*What is needed:*
Begin the copy at the line containing "this 960×720 image." and end it at the final line of the material below, reproducing each line exactly, without images.
-- Extracted entries follows --
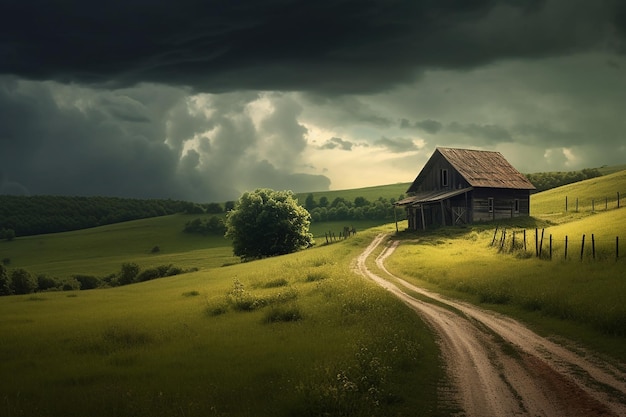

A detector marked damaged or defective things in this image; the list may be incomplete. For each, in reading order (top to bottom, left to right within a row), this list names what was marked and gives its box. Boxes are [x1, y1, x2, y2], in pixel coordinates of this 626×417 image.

rusty metal roof [408, 148, 532, 192]
rusty metal roof [394, 187, 472, 205]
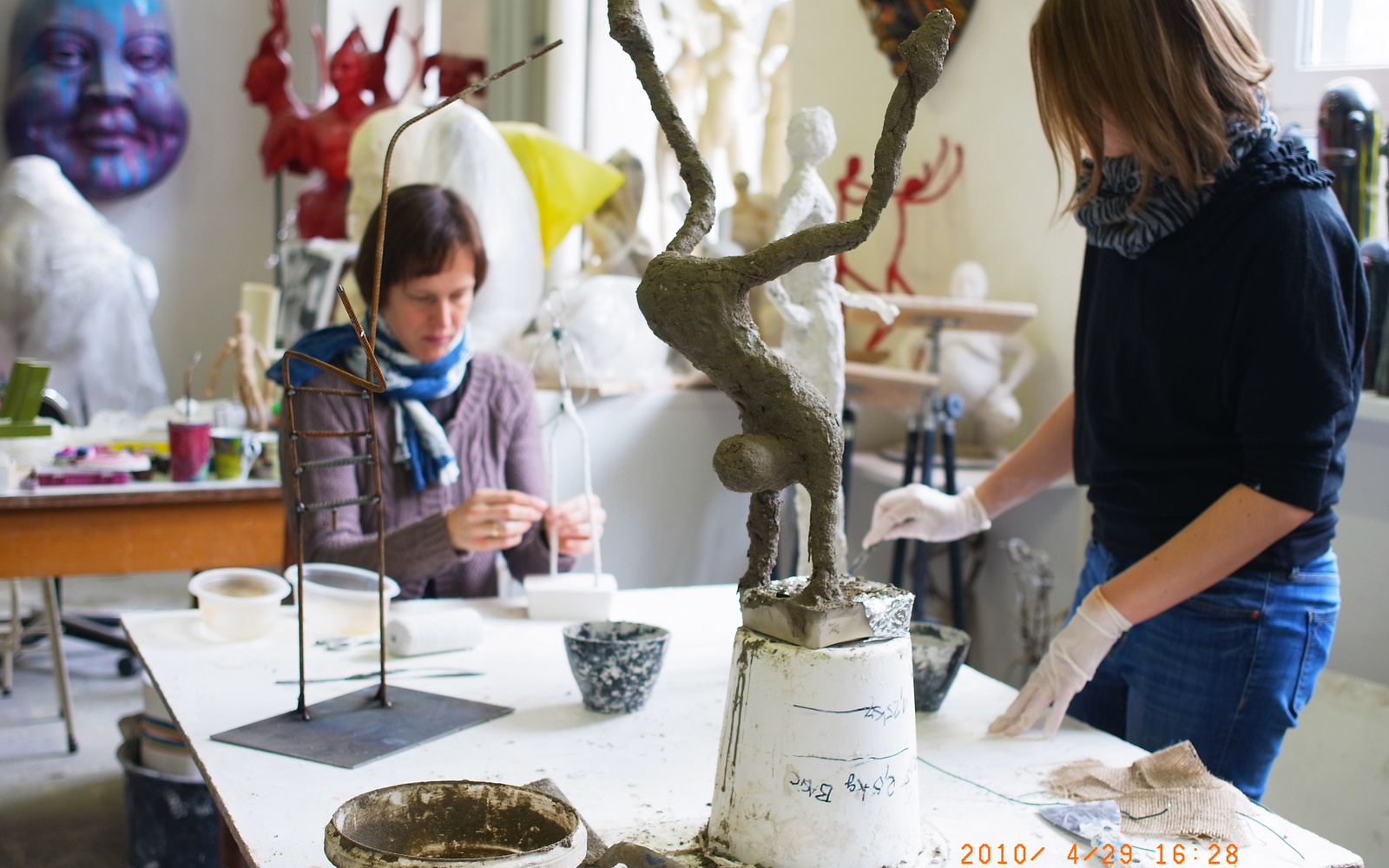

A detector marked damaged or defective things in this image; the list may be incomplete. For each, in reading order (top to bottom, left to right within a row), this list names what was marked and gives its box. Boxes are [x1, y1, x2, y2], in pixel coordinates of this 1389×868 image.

rusty metal ladder armature [280, 286, 392, 716]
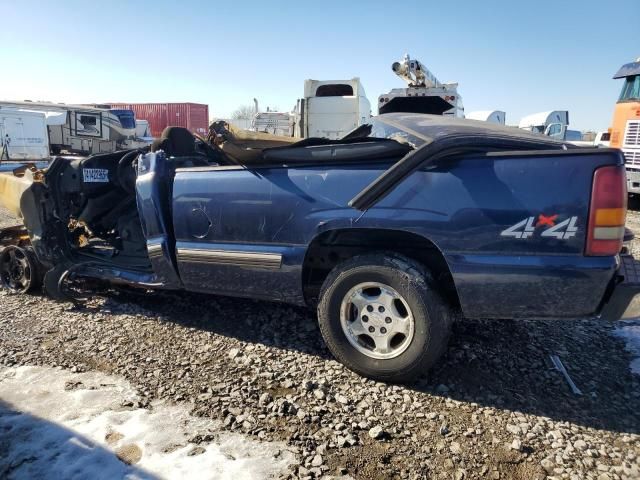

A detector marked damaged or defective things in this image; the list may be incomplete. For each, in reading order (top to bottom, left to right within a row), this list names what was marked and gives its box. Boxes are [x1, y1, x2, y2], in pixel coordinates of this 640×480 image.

crushed truck cab [2, 113, 636, 382]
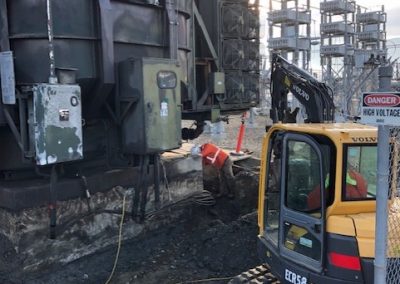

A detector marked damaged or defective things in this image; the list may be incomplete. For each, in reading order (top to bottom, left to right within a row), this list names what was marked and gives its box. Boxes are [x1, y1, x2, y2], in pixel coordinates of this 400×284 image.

rusty metal panel [33, 83, 83, 165]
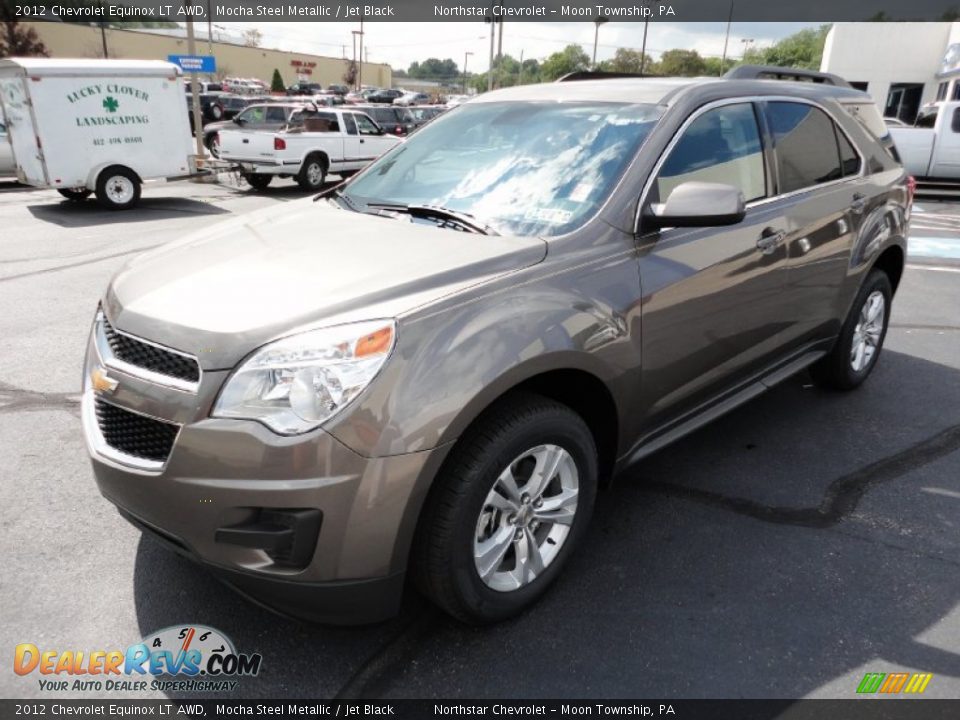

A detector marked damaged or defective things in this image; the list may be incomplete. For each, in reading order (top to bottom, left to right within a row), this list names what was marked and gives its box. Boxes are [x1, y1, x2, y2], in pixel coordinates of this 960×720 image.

pavement crack [0, 382, 82, 416]
pavement crack [640, 422, 960, 528]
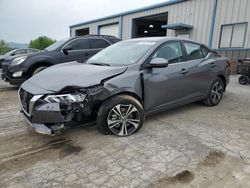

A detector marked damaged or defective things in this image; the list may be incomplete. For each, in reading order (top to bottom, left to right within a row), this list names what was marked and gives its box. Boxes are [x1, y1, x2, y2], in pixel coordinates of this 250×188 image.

crumpled hood [24, 61, 127, 92]
damaged front end [18, 85, 106, 135]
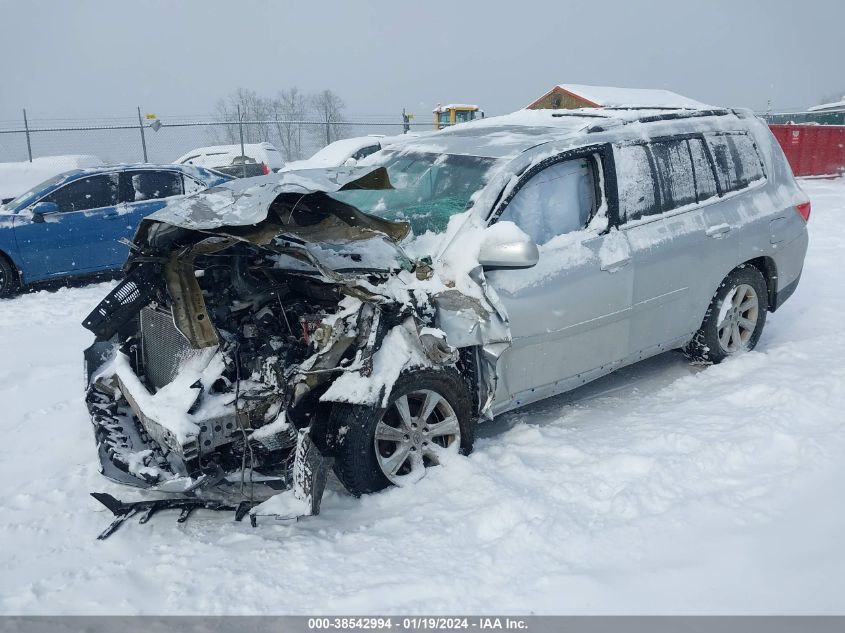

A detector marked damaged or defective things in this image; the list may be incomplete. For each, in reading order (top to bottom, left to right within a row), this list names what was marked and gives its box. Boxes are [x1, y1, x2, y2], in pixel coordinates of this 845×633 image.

crumpled hood [139, 164, 408, 243]
wrecked front end [82, 165, 498, 536]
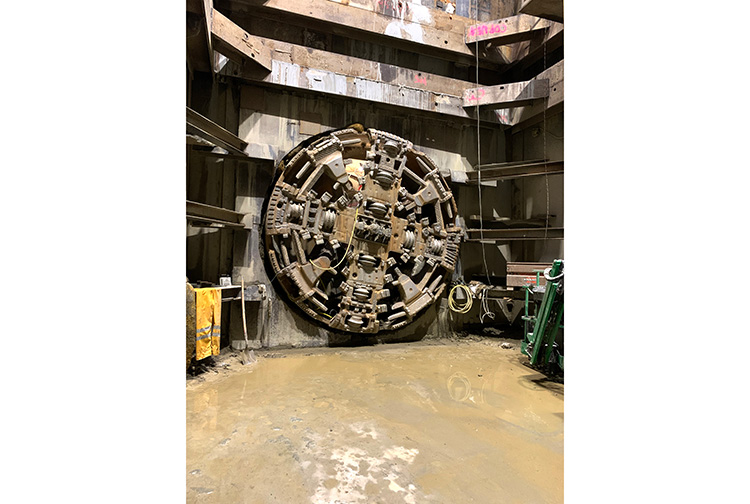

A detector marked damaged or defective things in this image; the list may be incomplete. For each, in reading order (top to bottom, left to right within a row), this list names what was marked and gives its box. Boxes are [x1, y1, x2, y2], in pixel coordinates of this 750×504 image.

rusty steel surface [268, 126, 462, 332]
-- Extracted entries concluded --
*Answer to the problem:*
A detector marked damaged or defective things in this image; the list may be incomplete. For each, in reading order (top to bottom, left to right within a row), this list names what was marked and gives its box. Boxes are [x1, y1, x2, y2], in pixel coordinates of this 960×720 image.

pavement crack [0, 382, 82, 416]
pavement crack [640, 422, 960, 528]

A detector marked damaged or defective things in this image; the list may be incomplete. For each, in reading order (top to bottom, left to right within a row), this list names what was marked and gives its box. Boxes are [x1, y1, x2, y2], in pixel coordinates of this 250×188 image.

crumpled hood [24, 61, 127, 92]
damaged front end [18, 85, 106, 135]

A detector marked damaged or defective things in this image; the list may be incomplete. For each, in reading order (top to bottom, left to right within a row), this list names what was marked and gives its box. Boxes are [x1, y1, x2, y2], in pixel coordinates of this 845×633 image.

crumpled hood [139, 164, 408, 243]
wrecked front end [82, 165, 498, 536]

A detector marked damaged or defective things in this image; the list may be incomplete. For each, in reading order (top to bottom, left to right within a row), this list names what was marked and gives its box. Boxes are [x1, y1, x2, y2], in pixel coordinates of this 750×504 image.

rusty steel surface [268, 126, 462, 332]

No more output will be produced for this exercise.